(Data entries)
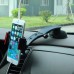 Автодержатель Baseus Extend Car Mount Black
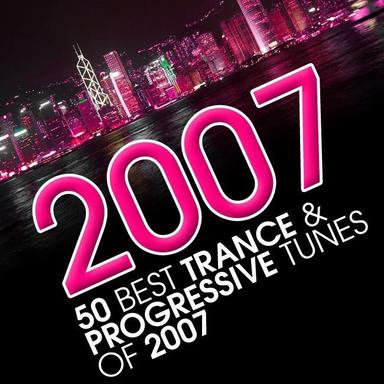 Firefly (Mark Sherry's Outburst Remix)
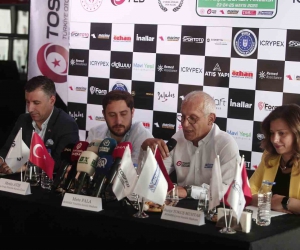 Atış Yapı 49. Yeşil Bursa Rallisi’nde heyecan başlıyor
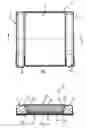 Fig. 02 - Upholstery element for a patient bed of an operating table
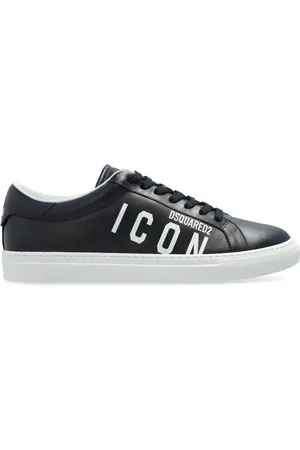 Dsquared2 Tenis Icon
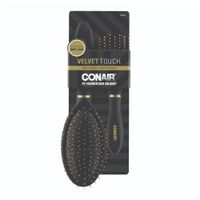 Set Cepillos Cornair Velvet Cushion 2un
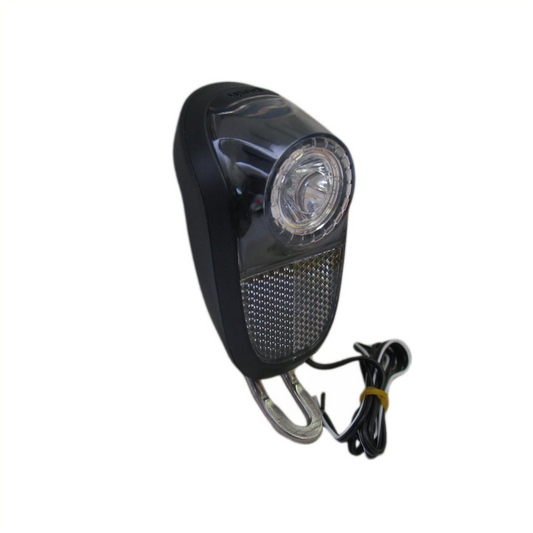 Union Koplamp Naafdynamo
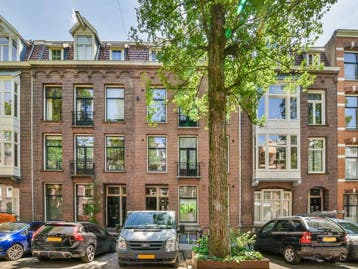 Te huur: Appartement Johannes Verhulststraat in Amsterdam, Noord-Holland, Appartement, Amsterdam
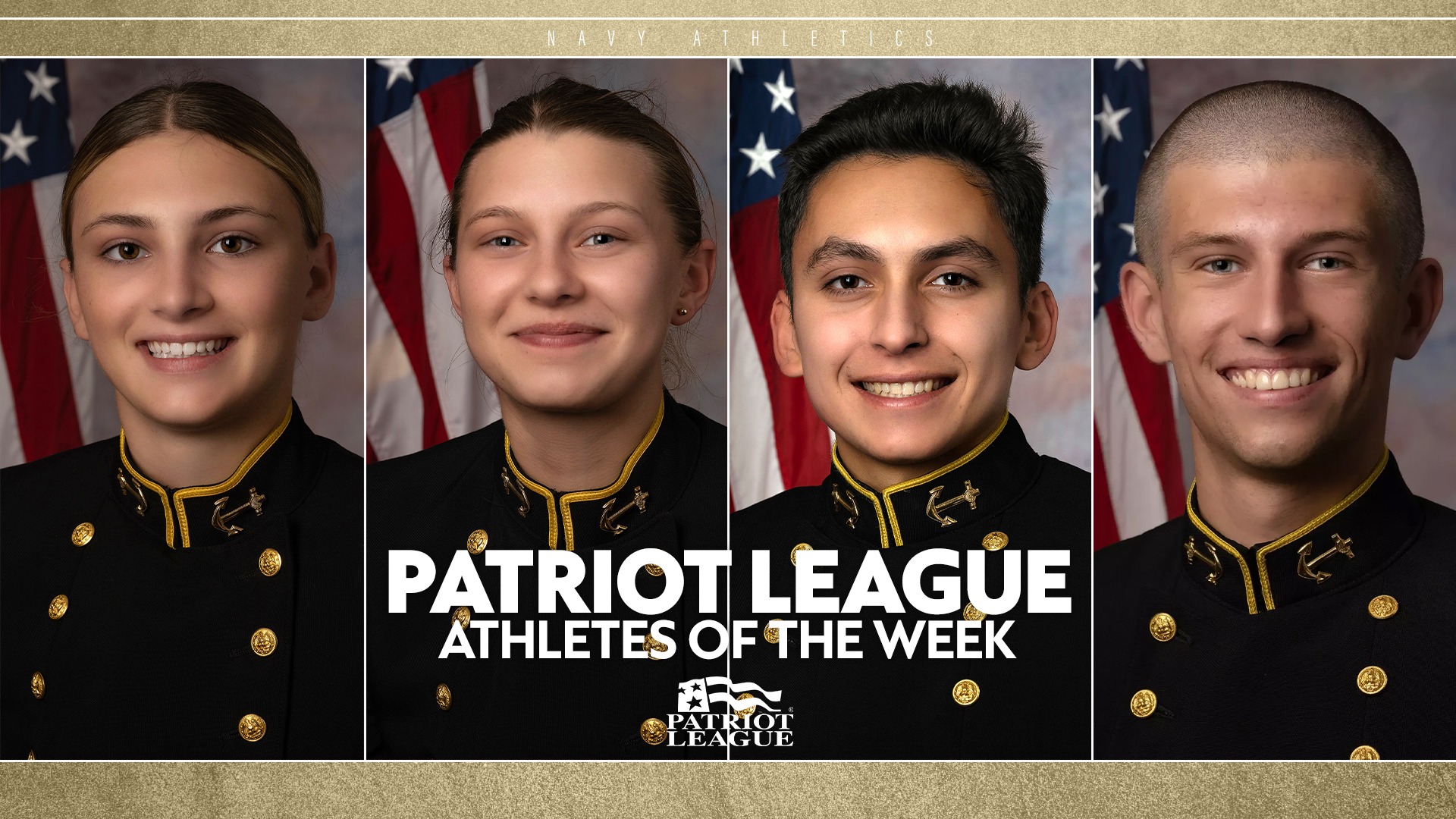 Track & field PL AotW Graphic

**Action item**.
Write out all the records again, exactly, minus any pictures.

**Task response**.
 Автодержатель Baseus Extend Car Mount Black
 Firefly (Mark Sherry's Outburst Remix)
 Atış Yapı 49. Yeşil Bursa Rallisi’nde heyecan başlıyor
 Fig. 02 - Upholstery element for a patient bed of an operating table
 Dsquared2 Tenis Icon
 Set Cepillos Cornair Velvet Cushion 2un
 Union Koplamp Naafdynamo
 Te huur: Appartement Johannes Verhulststraat in Amsterdam, Noord-Holland, Appartement, Amsterdam
 Track & field PL AotW Graphic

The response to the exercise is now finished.